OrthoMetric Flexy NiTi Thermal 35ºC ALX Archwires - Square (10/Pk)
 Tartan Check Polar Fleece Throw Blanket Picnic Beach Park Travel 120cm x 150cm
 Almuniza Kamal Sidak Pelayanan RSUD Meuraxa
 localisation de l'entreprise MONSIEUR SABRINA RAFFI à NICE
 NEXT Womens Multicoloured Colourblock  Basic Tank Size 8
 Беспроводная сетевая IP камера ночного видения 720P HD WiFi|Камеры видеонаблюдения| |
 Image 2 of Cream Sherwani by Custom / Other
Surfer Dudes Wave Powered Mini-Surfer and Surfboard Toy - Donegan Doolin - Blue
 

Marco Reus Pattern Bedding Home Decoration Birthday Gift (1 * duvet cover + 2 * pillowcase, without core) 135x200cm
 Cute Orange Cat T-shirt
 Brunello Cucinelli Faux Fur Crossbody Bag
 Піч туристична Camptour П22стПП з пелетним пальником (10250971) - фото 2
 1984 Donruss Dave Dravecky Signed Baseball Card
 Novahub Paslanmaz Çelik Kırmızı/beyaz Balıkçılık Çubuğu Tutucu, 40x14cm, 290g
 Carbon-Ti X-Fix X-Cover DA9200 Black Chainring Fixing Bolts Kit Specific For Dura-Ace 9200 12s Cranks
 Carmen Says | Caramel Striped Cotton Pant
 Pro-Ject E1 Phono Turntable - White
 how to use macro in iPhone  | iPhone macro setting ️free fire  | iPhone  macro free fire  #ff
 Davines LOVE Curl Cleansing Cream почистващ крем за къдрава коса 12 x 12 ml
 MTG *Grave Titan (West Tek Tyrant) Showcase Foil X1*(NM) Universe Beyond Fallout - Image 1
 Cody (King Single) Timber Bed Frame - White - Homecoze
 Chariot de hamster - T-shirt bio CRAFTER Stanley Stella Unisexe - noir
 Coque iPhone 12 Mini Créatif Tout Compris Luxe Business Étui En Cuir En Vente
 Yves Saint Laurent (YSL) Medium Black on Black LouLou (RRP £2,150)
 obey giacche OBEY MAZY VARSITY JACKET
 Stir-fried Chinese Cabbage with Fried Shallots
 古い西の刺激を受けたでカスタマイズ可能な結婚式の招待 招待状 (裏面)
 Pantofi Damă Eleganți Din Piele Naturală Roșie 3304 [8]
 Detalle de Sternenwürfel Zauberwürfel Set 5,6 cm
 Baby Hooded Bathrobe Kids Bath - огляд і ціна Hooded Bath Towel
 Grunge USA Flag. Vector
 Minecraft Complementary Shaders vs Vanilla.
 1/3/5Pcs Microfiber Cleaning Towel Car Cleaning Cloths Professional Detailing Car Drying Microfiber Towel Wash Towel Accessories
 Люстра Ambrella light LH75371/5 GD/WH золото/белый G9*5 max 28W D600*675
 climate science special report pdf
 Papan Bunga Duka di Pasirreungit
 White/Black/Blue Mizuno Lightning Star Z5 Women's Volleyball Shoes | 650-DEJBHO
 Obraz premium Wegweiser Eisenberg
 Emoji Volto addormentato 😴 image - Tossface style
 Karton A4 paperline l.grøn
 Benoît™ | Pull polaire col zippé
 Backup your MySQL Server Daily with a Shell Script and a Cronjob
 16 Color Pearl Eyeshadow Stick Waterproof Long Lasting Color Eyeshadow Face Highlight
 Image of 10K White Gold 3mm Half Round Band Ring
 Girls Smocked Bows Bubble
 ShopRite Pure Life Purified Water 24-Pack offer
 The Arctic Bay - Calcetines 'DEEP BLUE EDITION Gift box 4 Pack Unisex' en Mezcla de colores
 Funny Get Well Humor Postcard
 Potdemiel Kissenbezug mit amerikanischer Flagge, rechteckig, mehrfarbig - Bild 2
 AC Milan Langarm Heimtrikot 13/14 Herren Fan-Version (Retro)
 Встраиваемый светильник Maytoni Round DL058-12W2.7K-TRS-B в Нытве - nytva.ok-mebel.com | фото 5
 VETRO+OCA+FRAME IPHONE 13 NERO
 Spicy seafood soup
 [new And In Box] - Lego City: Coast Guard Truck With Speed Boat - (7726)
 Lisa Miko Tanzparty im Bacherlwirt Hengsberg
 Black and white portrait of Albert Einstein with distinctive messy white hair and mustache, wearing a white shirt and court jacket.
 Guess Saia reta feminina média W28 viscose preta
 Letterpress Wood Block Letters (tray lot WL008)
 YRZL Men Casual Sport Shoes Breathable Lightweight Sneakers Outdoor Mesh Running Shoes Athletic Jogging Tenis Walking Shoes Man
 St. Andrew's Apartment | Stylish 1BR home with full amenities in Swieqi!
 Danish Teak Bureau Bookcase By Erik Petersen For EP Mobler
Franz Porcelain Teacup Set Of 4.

WORK TO COMPLETE:
Reproduce, character for character, only the lines of the preceding data that start at the line with "Встраиваемый светильник Maytoni" and end at the line with "Letterpress Wood Block", both included.

SOLUTION TO THIS EXERCISE:
 Встраиваемый светильник Maytoni Round DL058-12W2.7K-TRS-B в Нытве - nytva.ok-mebel.com | фото 5
 VETRO+OCA+FRAME IPHONE 13 NERO
 Spicy seafood soup
 [new And In Box] - Lego City: Coast Guard Truck With Speed Boat - (7726)
 Lisa Miko Tanzparty im Bacherlwirt Hengsberg
 Black and white portrait of Albert Einstein with distinctive messy white hair and mustache, wearing a white shirt and court jacket.
 Guess Saia reta feminina média W28 viscose preta
 Letterpress Wood Block Letters (tray lot WL008)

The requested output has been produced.